Task instructions: Show the lines below where "woman" occurs.

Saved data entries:
- - - -
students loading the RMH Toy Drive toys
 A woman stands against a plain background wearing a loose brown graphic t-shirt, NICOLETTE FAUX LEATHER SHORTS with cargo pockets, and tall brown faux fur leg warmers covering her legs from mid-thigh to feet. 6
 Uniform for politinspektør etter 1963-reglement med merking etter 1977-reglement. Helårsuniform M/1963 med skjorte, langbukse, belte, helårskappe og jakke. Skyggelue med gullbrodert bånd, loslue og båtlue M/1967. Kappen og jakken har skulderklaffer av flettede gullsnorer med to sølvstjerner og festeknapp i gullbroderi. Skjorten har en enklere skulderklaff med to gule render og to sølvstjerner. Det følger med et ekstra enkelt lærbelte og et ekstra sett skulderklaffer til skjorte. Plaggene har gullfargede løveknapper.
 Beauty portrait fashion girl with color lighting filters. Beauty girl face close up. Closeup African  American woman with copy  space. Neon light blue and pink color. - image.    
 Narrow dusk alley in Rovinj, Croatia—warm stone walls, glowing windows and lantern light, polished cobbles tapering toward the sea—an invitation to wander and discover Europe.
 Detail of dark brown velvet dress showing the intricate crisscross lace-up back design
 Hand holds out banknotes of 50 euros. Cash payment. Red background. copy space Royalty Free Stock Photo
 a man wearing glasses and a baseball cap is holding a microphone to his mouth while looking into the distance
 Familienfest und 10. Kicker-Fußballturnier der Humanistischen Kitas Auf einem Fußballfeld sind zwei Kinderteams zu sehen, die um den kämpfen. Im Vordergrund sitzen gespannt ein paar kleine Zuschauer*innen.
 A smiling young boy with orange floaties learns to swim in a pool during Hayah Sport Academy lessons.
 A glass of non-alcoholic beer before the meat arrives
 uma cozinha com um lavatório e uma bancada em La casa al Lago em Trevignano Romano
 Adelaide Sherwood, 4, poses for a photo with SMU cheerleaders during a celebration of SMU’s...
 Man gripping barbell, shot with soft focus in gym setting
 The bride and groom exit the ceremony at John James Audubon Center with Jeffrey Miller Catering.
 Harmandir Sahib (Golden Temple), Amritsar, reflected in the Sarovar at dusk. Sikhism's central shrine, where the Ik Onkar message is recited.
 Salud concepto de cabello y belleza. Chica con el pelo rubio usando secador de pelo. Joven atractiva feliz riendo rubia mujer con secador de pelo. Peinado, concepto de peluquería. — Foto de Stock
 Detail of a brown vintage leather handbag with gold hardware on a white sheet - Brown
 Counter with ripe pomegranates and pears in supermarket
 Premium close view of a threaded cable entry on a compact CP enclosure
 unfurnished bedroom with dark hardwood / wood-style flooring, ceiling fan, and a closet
- - - -
Response to this exercise:
 A woman stands against a plain background wearing a loose brown graphic t-shirt, NICOLETTE FAUX LEATHER SHORTS with cargo pockets, and tall brown faux fur leg warmers covering her legs from mid-thigh to feet. 6
 Beauty portrait fashion girl with color lighting filters. Beauty girl face close up. Closeup African  American woman with copy  space. Neon light blue and pink color. - image.    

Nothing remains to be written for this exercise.